Referring now to FIG. 11, a ninth embodiment of a battered column platform of the present invention is generally identified by the reference numeral 800. The platform 800 is substantially the same as the platform 10 described hereinabove with the exception that the battered columns 12 of the platform 800 are interconnected at the lower ends thereof by interconnected members 812 which define an elongate open frame configuration, such as, a substantially rectangular or triangular configuration, disposed between the lower ends of the battered columns 12. Since members 812 provide relatively small buoyancy compared to conventional pontoons, primary buoyancy for the platform 800 is provided by the battered columns 12. The buoyancy requirements of the platform 800 may be provided by modifying the configuration of the columns 12. For example, the diameter and/or length of the column 12 may be increased or smaller diameter columns may be bundled together as shown in FIG. 9.
Referring now to FIG. 12, the hull configuration of a tenth embodiment of the present invention is generally identified by the reference numeral 1000. The hull 1000 includes support columns 1010 extending substantially vertically upward from horizontally oriented pontoons 1012 to support a deck (not shown in the drawings) above the water surface on the upper ends 1014 thereof.
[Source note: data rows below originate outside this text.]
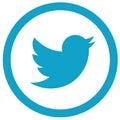 Coloured twitter logo icon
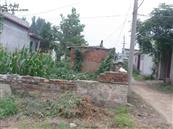 山东省,泰安市,宁阳县,伏山镇,前石梁村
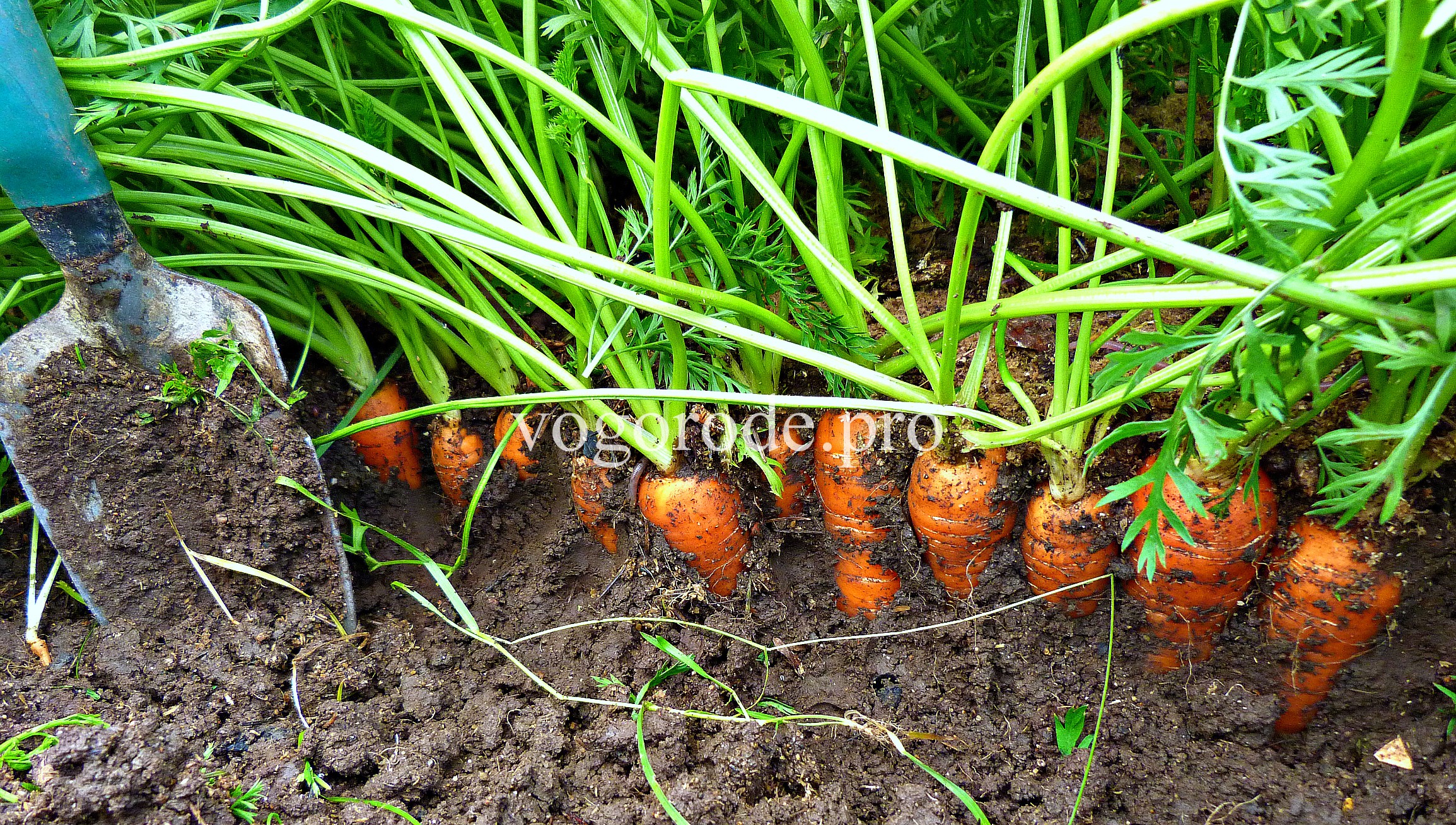 Выращивание ранней и поздней моркови от семян до урожая. -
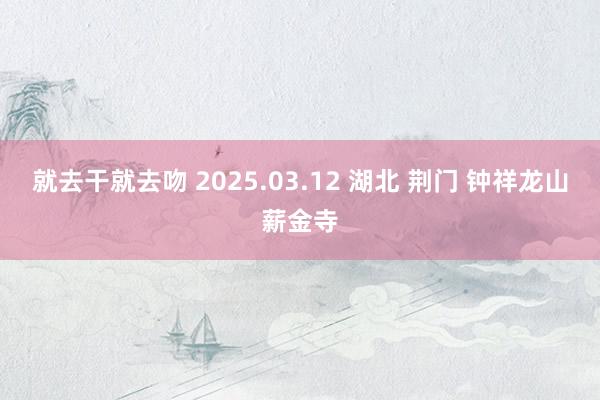 就去干就去吻 2025.03.12 湖北 荆门 钟祥龙山薪金寺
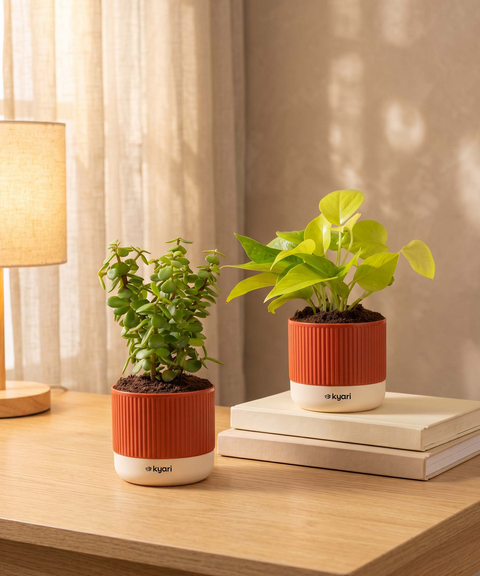 Lucky Plants Combo - Set of 2 Self Watering Plants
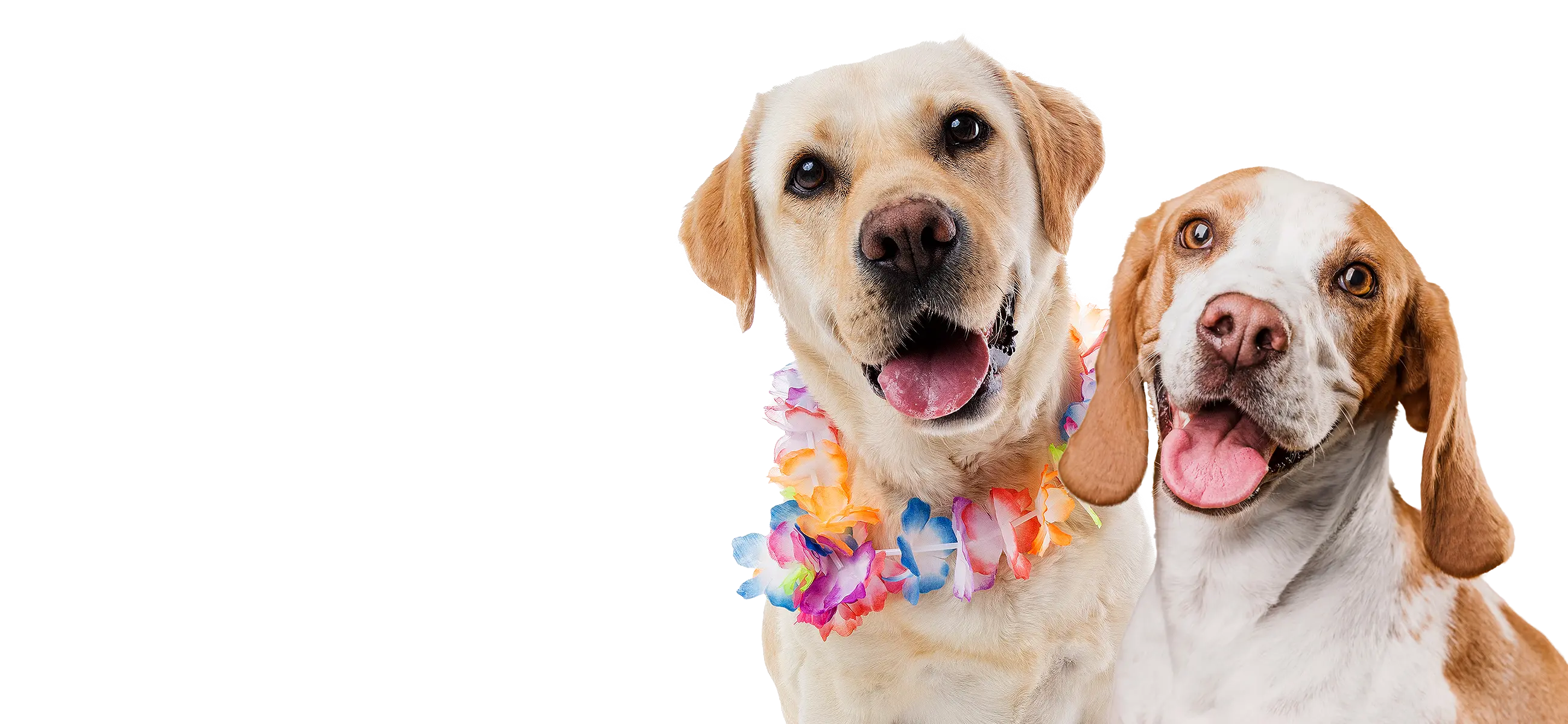 Two dogs, one with a colorful lei, on a white background
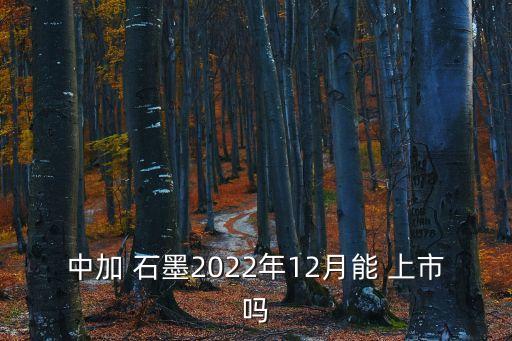 中加 石墨2022年12月能 上市嗎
The support columns 1010 are mounted proximate the distal ends of the pontoons 1012. FIG. 12 shows four pontoons 1012 connected to a base node 1016 extending outward therefrom at right angles to each other so that, viewed from above, the base of the hull 1000 forms a cross shape. It is understood, however, that other configurations may be used. For example, a single pontoon or two pontoons connected end-to-end may be intersected by pontoons extending in directly opposite directions. The angles between adjacent pontoons may range between 60 to 120 degrees.
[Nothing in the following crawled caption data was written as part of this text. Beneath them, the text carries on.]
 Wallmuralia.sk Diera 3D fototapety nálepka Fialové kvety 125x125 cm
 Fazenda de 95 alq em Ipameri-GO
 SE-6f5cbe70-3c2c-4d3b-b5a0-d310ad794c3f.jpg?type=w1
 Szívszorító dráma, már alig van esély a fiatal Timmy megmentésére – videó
The cross hull design illustrated in FIGS. 12-18 permits the construction of a hull having a larger footprint than a box hull design with an equal amount of pontoon volume. A larger hull footprint provides greater stability during installation and operation of the platform. A cross hull design may also support a deck having a larger deck area than a box configuration hull design. For example, for a box shaped hull 1020, as shown in FIG. 13A, and pontoons 1012a, 1012b, 1012c and 1012d being 100 feet in length, the area of the deck would be about 10,000 square feet. However, the deck area of the crossed shaped hull 1030 shown in FIG. 13B (deck shown in phantom) would be about 20,000 square feet (the square root of 2 multiplied by 100 feet). Orienting the deck as shown in FIG. 13C, the deck width would be about 200 feet resulting in a deck area of about 40,000 square feet. A large deck area may eliminate the need for multiple deck levels and thereby lower the center of gravity of the platform. Likewise, the cross shaped hull design enables the hanging of risers, flow lines and the like closer to the center vertical axis of the platform and thereby maintains the platform center of gravity closer to the middle of the platform.
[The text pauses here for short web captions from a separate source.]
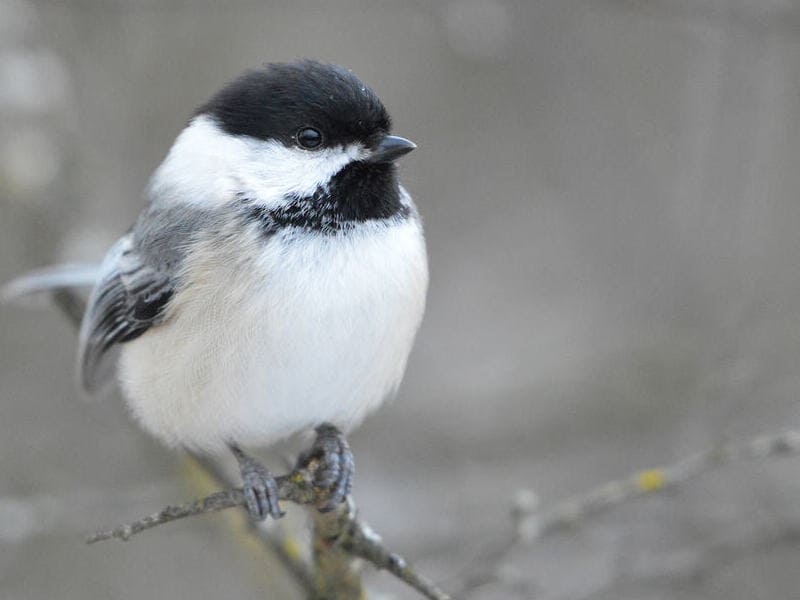 Birds Similar to Chickadee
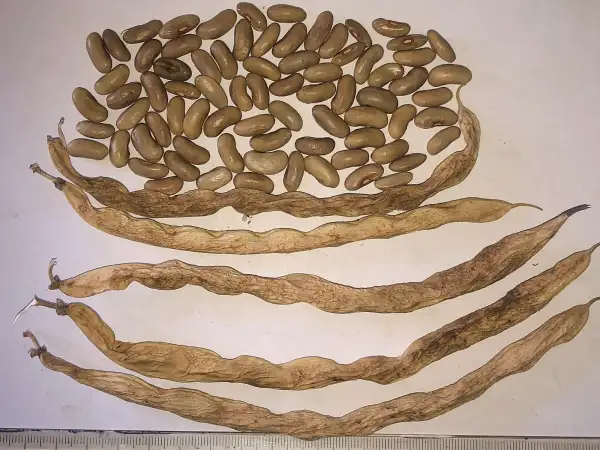 Bohnen: Pao Pao Cai Dou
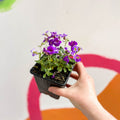 Rock Cress - Aubrieta gracilis 'Glacier Blue' - British Grown Evergreen Perennial Alpine - Sprouts of Bristol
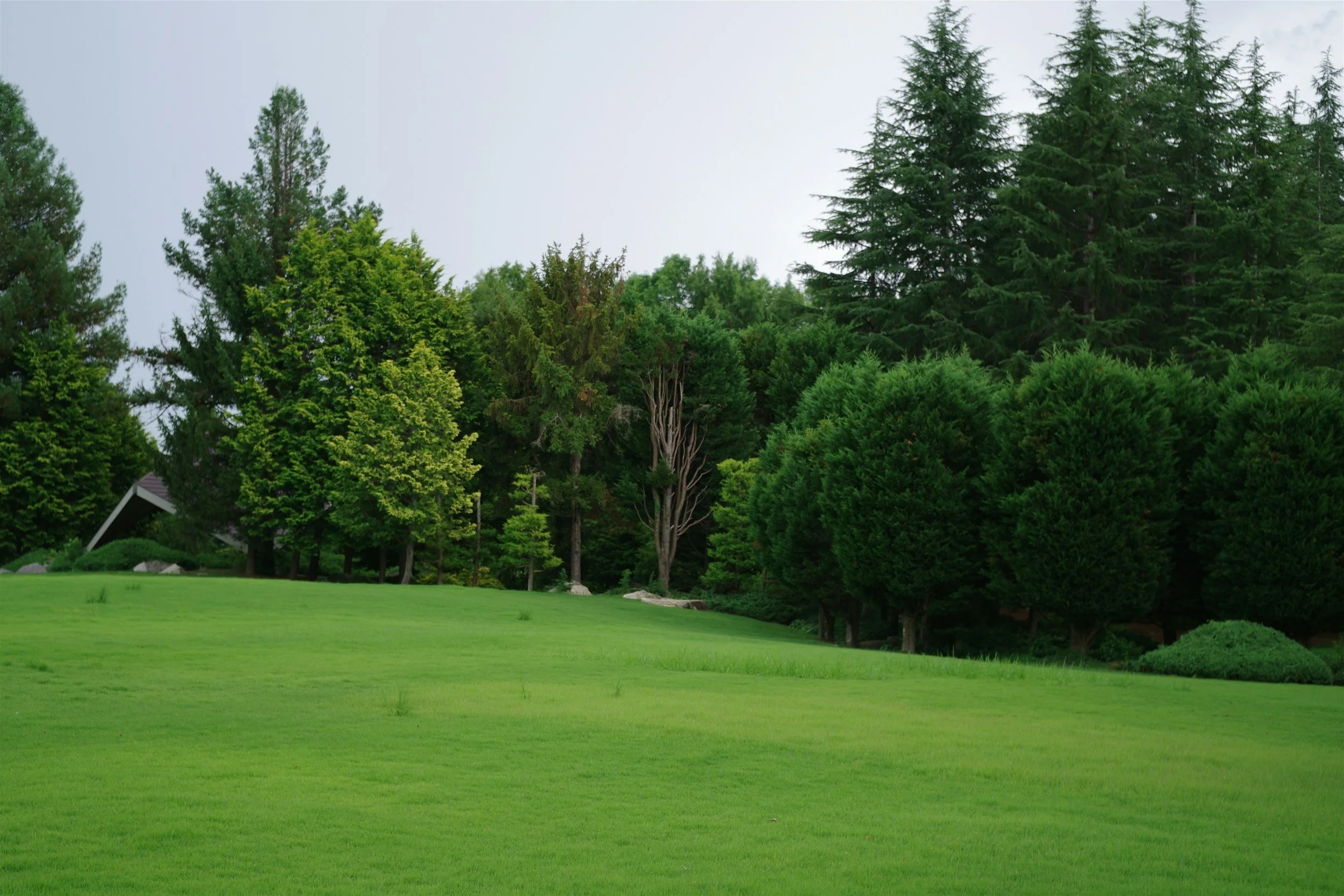6 Week Golf Therapy Program (April-June)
Referring now to FIG. 14, an eleventh embodiment of the present invention is generally identified by the reference numeral 1100. The hull 1100 is substantially the same as the hull 1000 described above with reference to FIG. 12 with the exception that the support columns 1110 are battered inwardly toward the central vertical axis of the hull 1100.
A twelfth embodiment of the present invention generally identified by the reference numeral 1200 is shown in FIG. 15. The hull 1200 is substantially the same as the hull 1100 described above with reference to FIG. 14 with the exception that the dimensions of the base node 1216 are greater than the dimensions of base node 1016 shown in FIG. 14. It will be observed that the vertical cross-section area A of the base node 1016 (shown as cross-hatching in FIG. 14) is substantially equal to the vertical cross-section area B of each of the pontoons 1212 but less than the vertical cross section area C of the base node 1216 (shown as cross-hatching in FIG. 15). The larger size of the base node 1216 adds mass and increases the stiffness of the mid section of the hull 1200.
Referring now to FIG. 16, a thirteenth embodiment of the present invention is generally identified by the reference numeral 1300. The hull 1300 is substantially the same as the hull 1200 described above with reference to FIG. 15 with the exception that the base node 1316 includes an axial passage 1318 extending through the base node 1316. The passage 1318 is centrally located and circumscribes the central vertical axis of the hull 1300. The passage 1318 provides a central passageway for a drill string or flow lines or the like to pass through.
Referring now to FIG. 17, a fourteenth embodiment of the present invention is generally identified by the reference numeral 1400. The hull 1400 is substantially the same as the hull 1000 described above with reference to FIG. 12 with the exception that the hull 1400 includes a central column 1420 extending between the base node 1416 and the deck (not shown in the drawing) of the platform. The central column 1420 provides additional buoyancy for supporting a higher payload, particularly for platforms with large and/or multiple decks. The central column 1420 and the support columns 1410 mounted proximate the distal ends of the pontoons 1412 also provider additional capacity for increasing the buoyancy and/or modifying the hydrodynamic and/or hydrostatic characteristics of the hull 1400. It is further understood that the central and outer support columns may have a cylindrical, square or truss shape or a combination thereof to accommodate the buoyancy and hydrostatic/hydrodynamic design requirements for the platform.
Referring now to FIG. 18, a fifteenth embodiment of the present invention is generally identified by the reference numeral 1500. The hull 1500 is substantially the same as the hull 1100 described above with reference to FIG. 14 with the exception that the hull 1500 includes trusses 1522 to increase the stiffness of the hull 1500. The trusses 1522 are open frame members disposed between the distal ends of the pontoons 1512. The trusses 1522 may also create additional mass traps that are beneficial to the motion behavior of the platform.
It will be observed that the embodiments of the invention described herein depict the pontoons and deck support columns as being cylindrical, rectangular or square in cross section. However, the pontoons and deck support columns may include other cross sectional shapes or configurations, as may be required by environmental conditions or other design considerations. For example, the square edges of the pontoons and/or the support columns may be rounded off to obtain lower drag forces. It is to be understood that the disclosed embodiments are merely exemplary of the invention that may be embodied in various and alternative forms and not intended to be limiting.
While a preferred embodiment of the invention has been shown and described, other and further embodiments of the invention may be devised without departing from the basic scope thereof, and the scope thereof is determined by the claims which follow.